Down to the last line, set down the material below exactly, excluding pictures.

--- SUPPLIED MATERIAL ---
◇ ◇ ◇

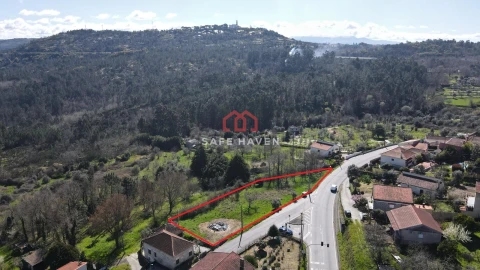 Terreno para Venda em Mangualde, Mesquitela e Cunha Alta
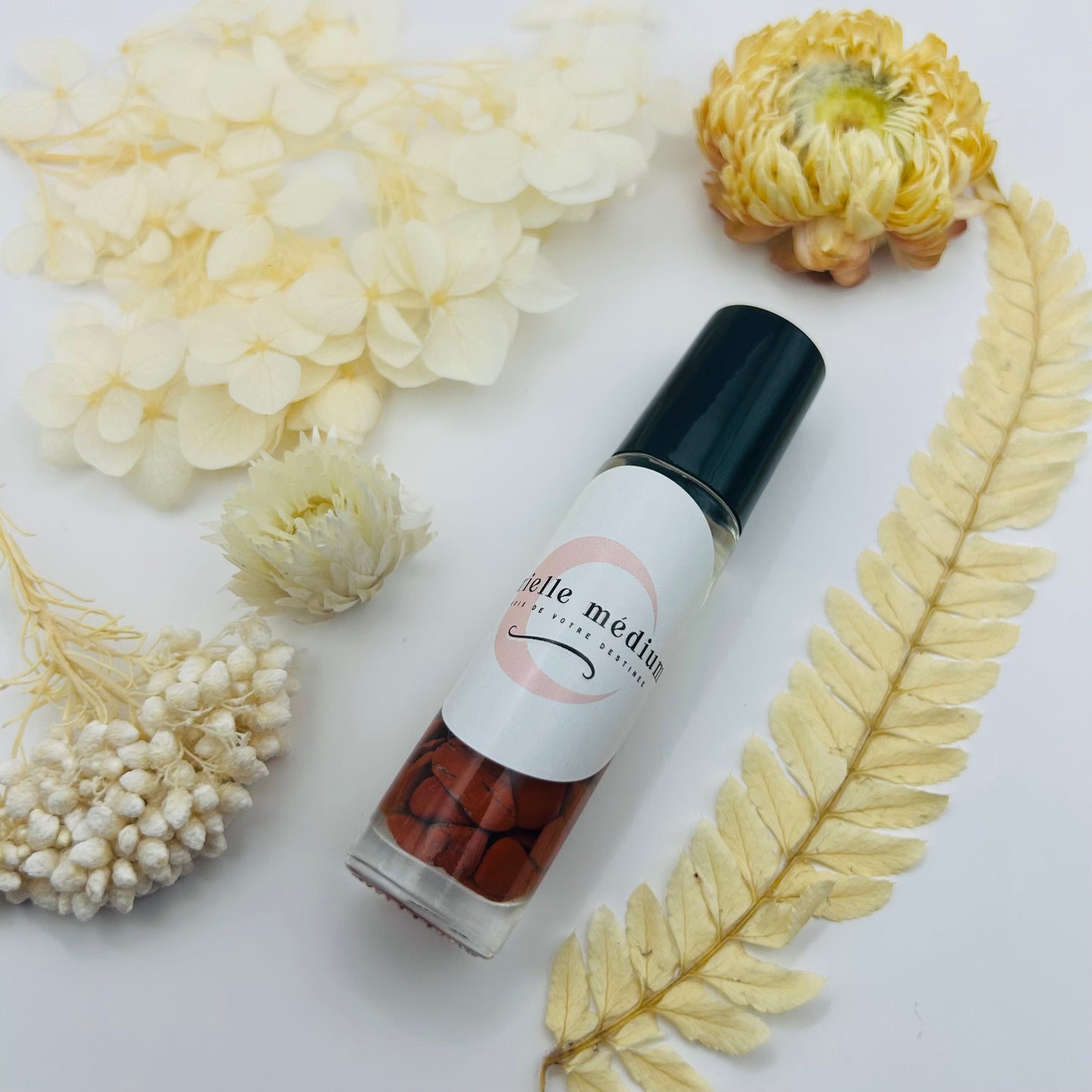 Red Jasper "Safety" Roll-on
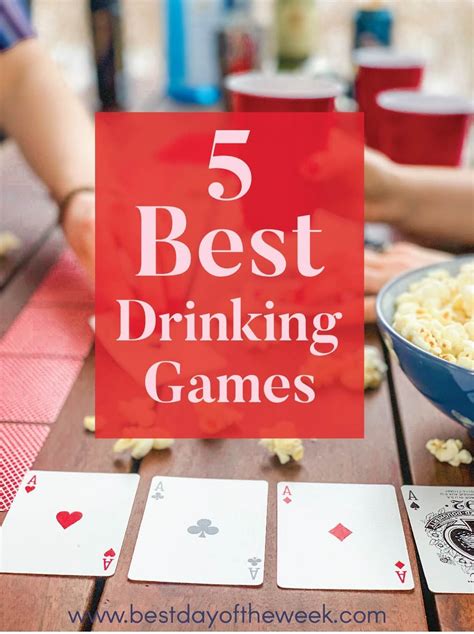 The Best Drinking Games for Parties | Fun drinking games, Drinking games for parties, Drinking games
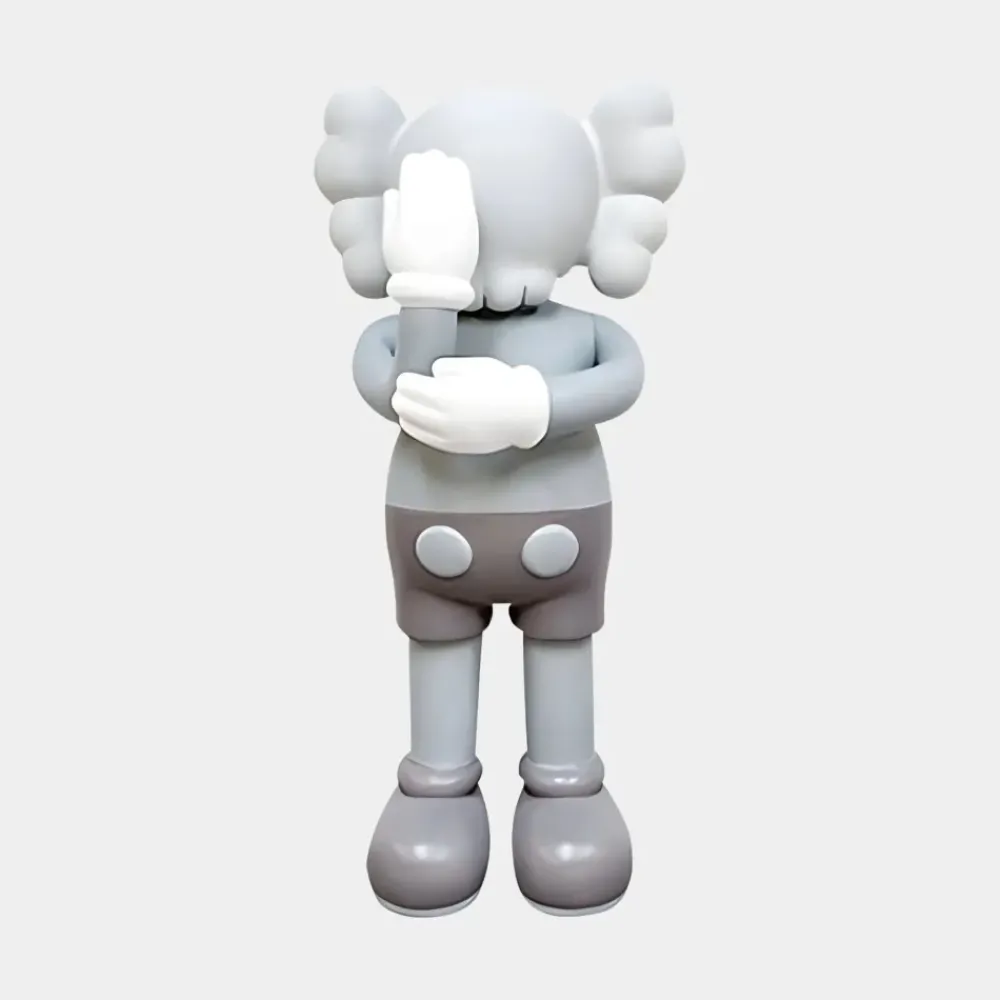 Figurative|Floor Standing^Statues & Sculptures Lucify Motion 70cm Grey Resin Indoor Sculpture v3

◇ ◇ ◇

--- PROBLEM SOLUTION ---
 Terreno para Venda em Mangualde, Mesquitela e Cunha Alta
 Red Jasper "Safety" Roll-on
 The Best Drinking Games for Parties | Fun drinking games, Drinking games for parties, Drinking games
 Figurative|Floor Standing^Statues & Sculptures Lucify Motion 70cm Grey Resin Indoor Sculpture v3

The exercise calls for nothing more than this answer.